Task goal: Reproduce the data exactly, leaving nothing out.

*** Data block ***

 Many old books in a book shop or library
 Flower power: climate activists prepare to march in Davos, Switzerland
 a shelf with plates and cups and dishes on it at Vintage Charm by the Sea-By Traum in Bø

*** End of Data block ***

Exercise solution:
 Many old books in a book shop or library
 Flower power: climate activists prepare to march in Davos, Switzerland
 a shelf with plates and cups and dishes on it at Vintage Charm by the Sea-By Traum in Bø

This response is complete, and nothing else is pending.